- _Try it_:
Take the line that contains "VT license plate ZOK716" and each one after it through the last line below, and retype them exactly. Leave out the pictures.

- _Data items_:

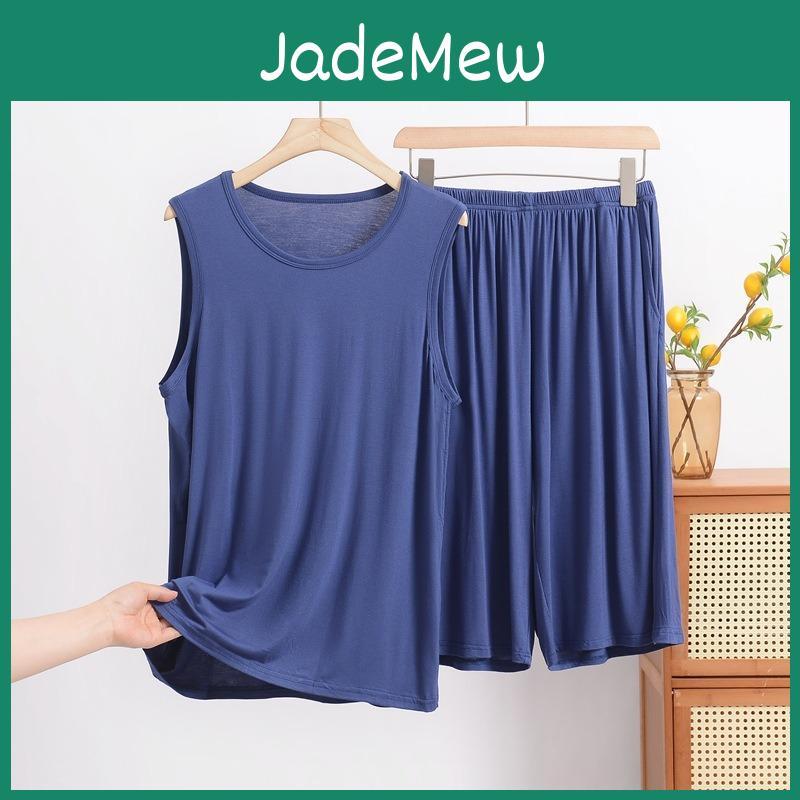 Modal Summer Vest Shorts Mens Loose Large Size Sleeveless Tshirt Outside Pocket Home Pajamas Trousers Set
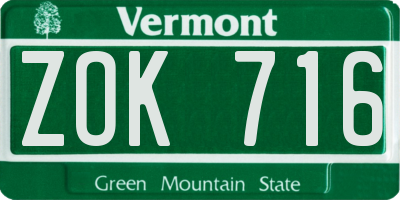 VT license plate ZOK716
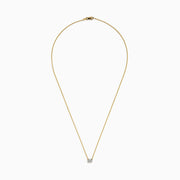 Lab Grown Diamond Emerald-Cut Bezel-Set Solitaire Necklace in 14K Yellow Gold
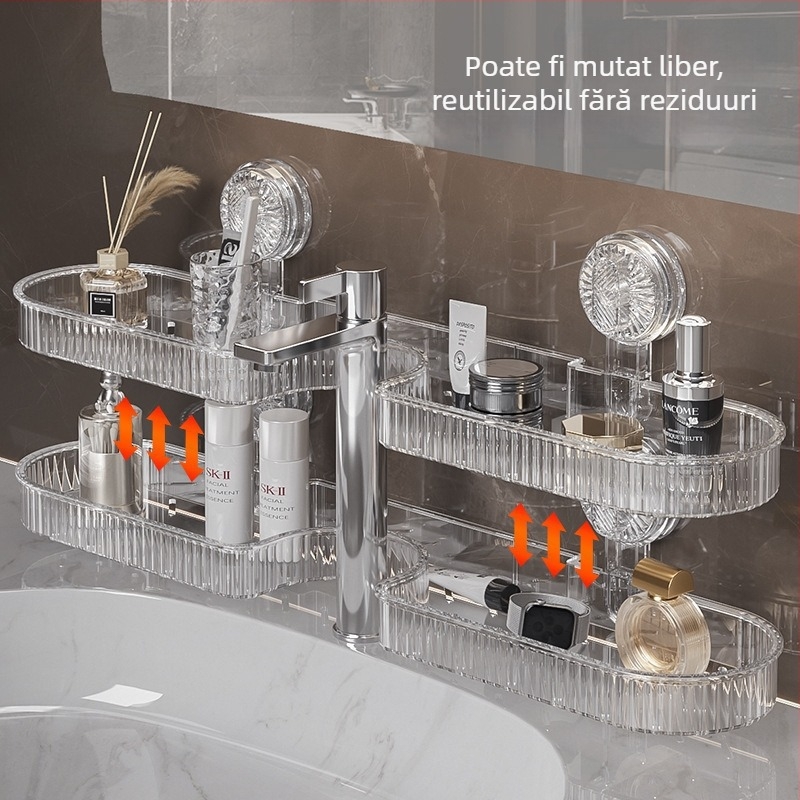 Poliță de baie montată pe perete cu ventuză — rotativă, impermeabilă, PP material, fără găuri (Rotativă; Impermeabilă; PP material; Fără găuri)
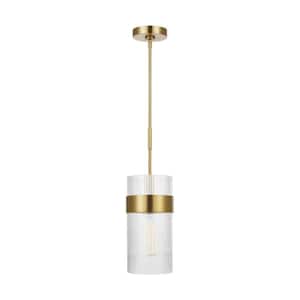 Geneva 7 in. W x 13.75 in. H 1-Light Burnished Brass Mid-Century Dimmable Large Pendant Light with Clear Glass Shade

- _Your response_:
 VT license plate ZOK716
 Lab Grown Diamond Emerald-Cut Bezel-Set Solitaire Necklace in 14K Yellow Gold
 Poliță de baie montată pe perete cu ventuză — rotativă, impermeabilă, PP material, fără găuri (Rotativă; Impermeabilă; PP material; Fără găuri)
 Geneva 7 in. W x 13.75 in. H 1-Light Burnished Brass Mid-Century Dimmable Large Pendant Light with Clear Glass Shade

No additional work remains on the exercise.